The scene at Telfair Elementary in the days leading up to the Monday opening of the school year reflected what will be the new normal across the Los Angeles school district: 69ý, teachers, and staff in line for their coronavirus test.
Emilio Mendoza, 7, held a toy plane as he stood in the queue with his parents. At the check-in table, Emilio pumped hand sanitizer into his palms and rubbed them together. The technician showed him the swab and explained how it worked. She counted out loud to 15 as Emilio followed along on his fingers — and then it was over. In 24 hours Emilio’s parents were texted the result: negative.
“He’s not vaccinated, so for us, it’s always going to be a little bit of a concern, uncertainty, especially if there are outbreaks,” said his mother Liliana Curioca, who is also a Telfair teacher. “But testing will help.”
Emilio’s nasal swab test is a starting point in L.A. Unified’s colossal effort to screen every single student, teacher, and staff member — more than half a million people — once a week for the foreseeable future.
For the first time, the most ambitious school district testing program in the nation is being put to its own test with the opening of more than 1,000 schools throughout the sprawling system.
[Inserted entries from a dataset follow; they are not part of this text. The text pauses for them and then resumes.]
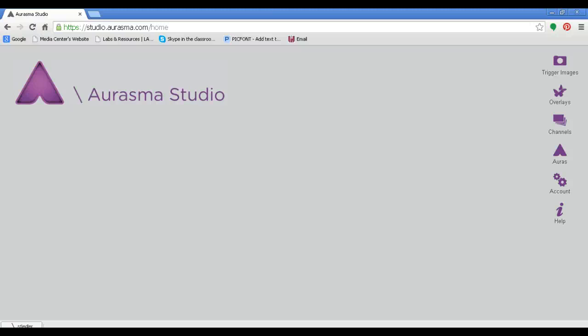Hi, this is Stephanie Fiedler. Today I'm going to show you a really easy way to share your channels in Aurasma with others.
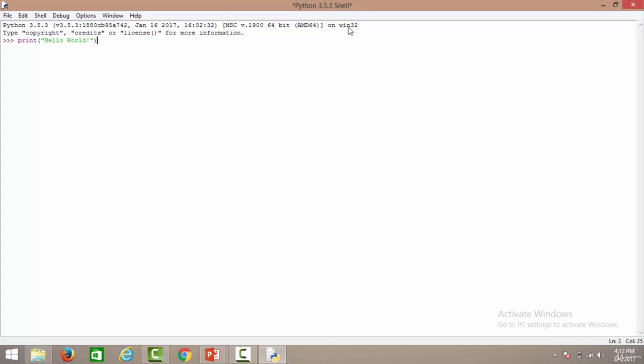Followed by a semicolon, hit enter. So as you can see it states hello world. So that is how you can simply print a statement using the Python IDLE. That's it for this video.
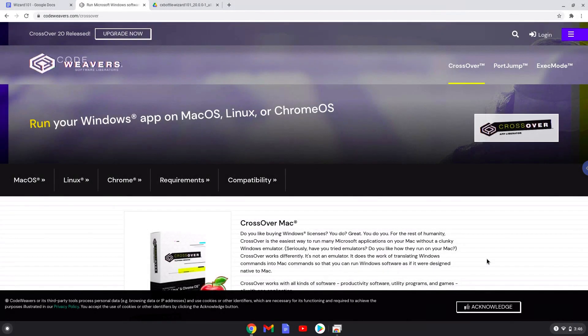Hello. Today we are looking at how to install Wizard 101 on a Chromebook with Crossover 20.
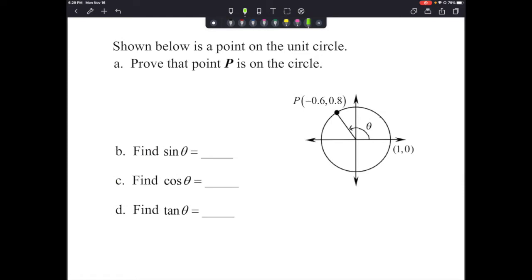Shown below is a point on the unit circle, and it says prove that point P is on the circle. Point P has an x-coordinate of negative 0.6 and a y-coordinate of 0.8. From the previous lesson, we know that sine squared theta plus cosine squared theta always equals 1, as long as we're dealing with the same angle.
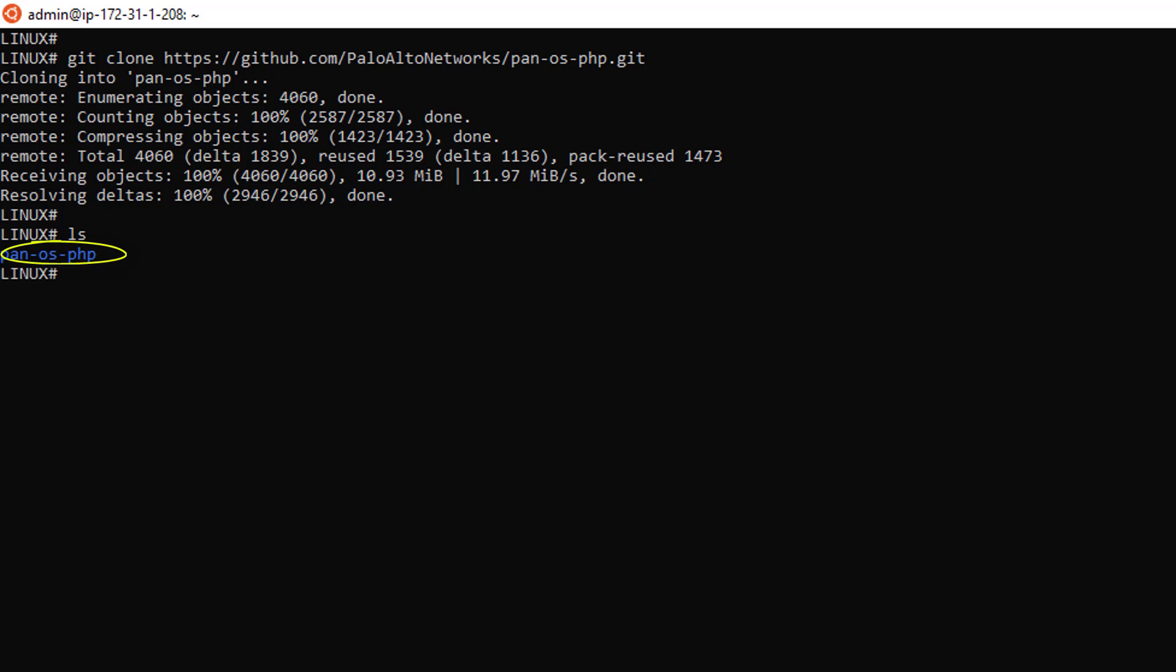Next task in my list is the installation of PHP. Again, I'm going to clear my screen and install it using the APT command.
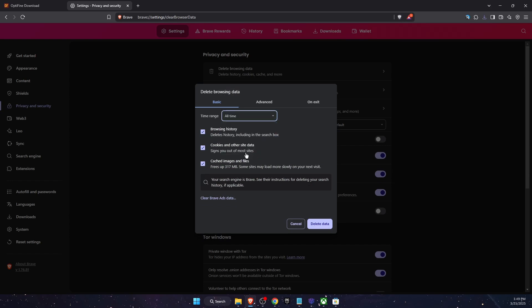Then you can choose, for example, all time and you want to delete the cached images and files, cookies, and browsing data. Delete it.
LAUSD is expected to be the single largest source of coronavirus testing in L.A. County — and public health experts said it will serve as a case study on how effectively coronavirus transmission can be controlled at schools where everyone is regularly tested.
The rollout comes amid growing urgency among school districts to ensure a safe return to the classroom amid a rapid increase in coronavirus cases due to the highly infectious Delta variant. The tests are mandatory, and the numbers are head-turning: 500,000 tests a week, a cost of $350 million, 1,000 health care technicians, 30 lab workers rapidly turning around tests, and even two plane trips daily to speedily deliver the test samples to a Northern California lab.
“Since the very beginning of the pandemic, L.A. Unified has really tried to take a leadership role in saying that when students return to in-person instruction, we have to have the highest safety standards possible to reassure parents we’re doing everything we can to keep students safe,” said L.A. Unified consultant Jim Morris, a formerly retired senior administrator who is helping marshal reopening efforts.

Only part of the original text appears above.